■ **EXERCISE DATA**:
* * *

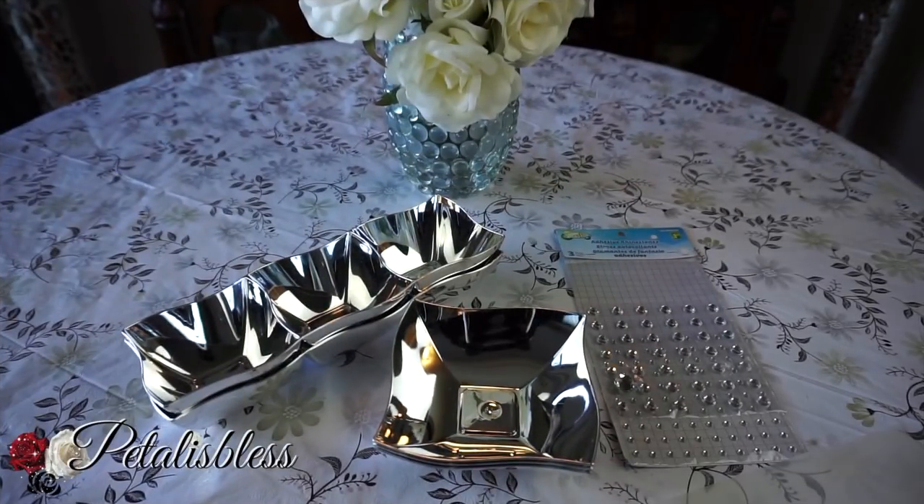Hi everyone, Petal Is Bliss here! Welcome back to my channel. I'm coming on today to share with you guys a quick little DIY that I thought of to help with serving at a party or a dinner setting.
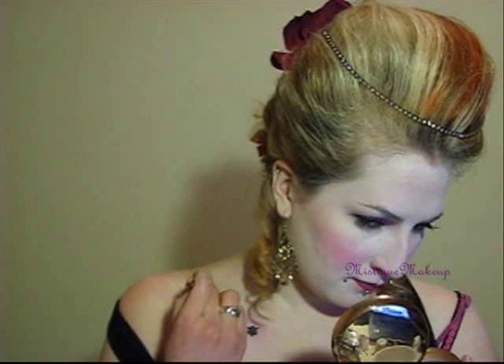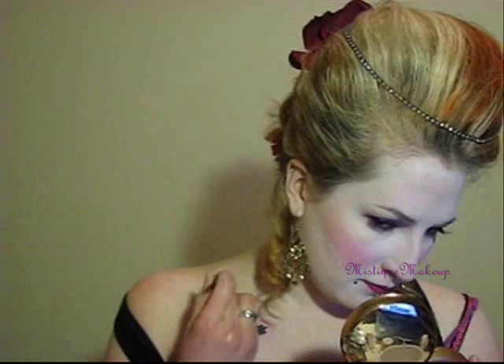That's basically the whole look, guys. I really hope that you enjoyed it. Feel free to rate, comment, and subscribe if you liked it. Take care everybody, bye!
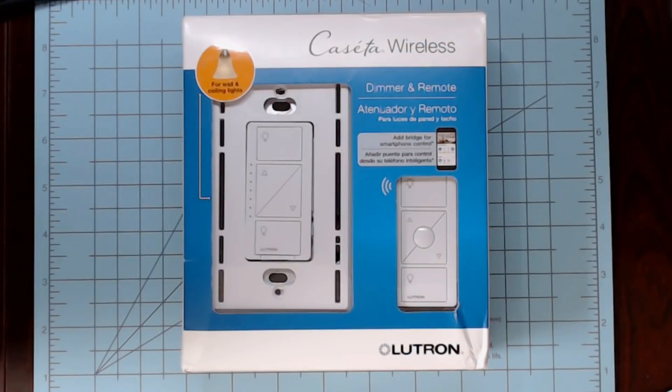The first being: do you have a white neutral wire in your switch boxes? If not, you're going to want to check out the Lutron Caseta line of switches. Nearly every other brand of in-wall smart switch requires a neutral wire.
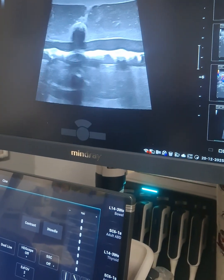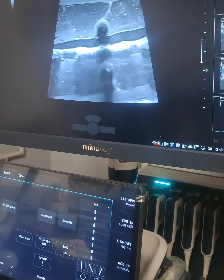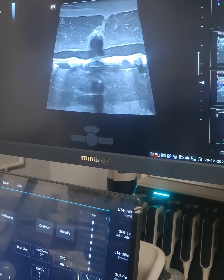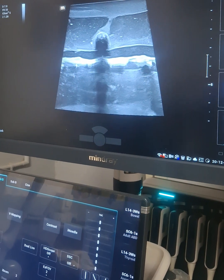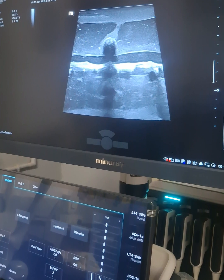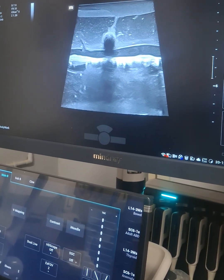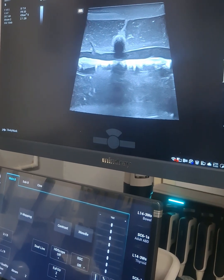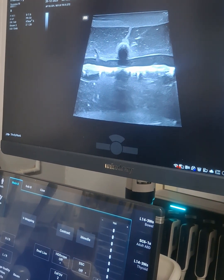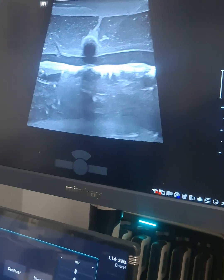This is how it looks. Using this USG phantom, you can practice doing FNACs, biopsies, or aspiration. You can see how nicely the needle is visualized in the phantom, so this is very good for beginners to practice.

* * *

■ **TASK REQUIREMENTS**: Omit the pictures, then output the rest of the listing exactly.

■ **WRITTEN SOLUTION**:
Hi everyone, Petal Is Bliss here! Welcome back to my channel. I'm coming on today to share with you guys a quick little DIY that I thought of to help with serving at a party or a dinner setting.
That's basically the whole look, guys. I really hope that you enjoyed it. Feel free to rate, comment, and subscribe if you liked it. Take care everybody, bye!
The first being: do you have a white neutral wire in your switch boxes? If not, you're going to want to check out the Lutron Caseta line of switches. Nearly every other brand of in-wall smart switch requires a neutral wire.
This is how it looks. Using this USG phantom, you can practice doing FNACs, biopsies, or aspiration. You can see how nicely the needle is visualized in the phantom, so this is very good for beginners to practice.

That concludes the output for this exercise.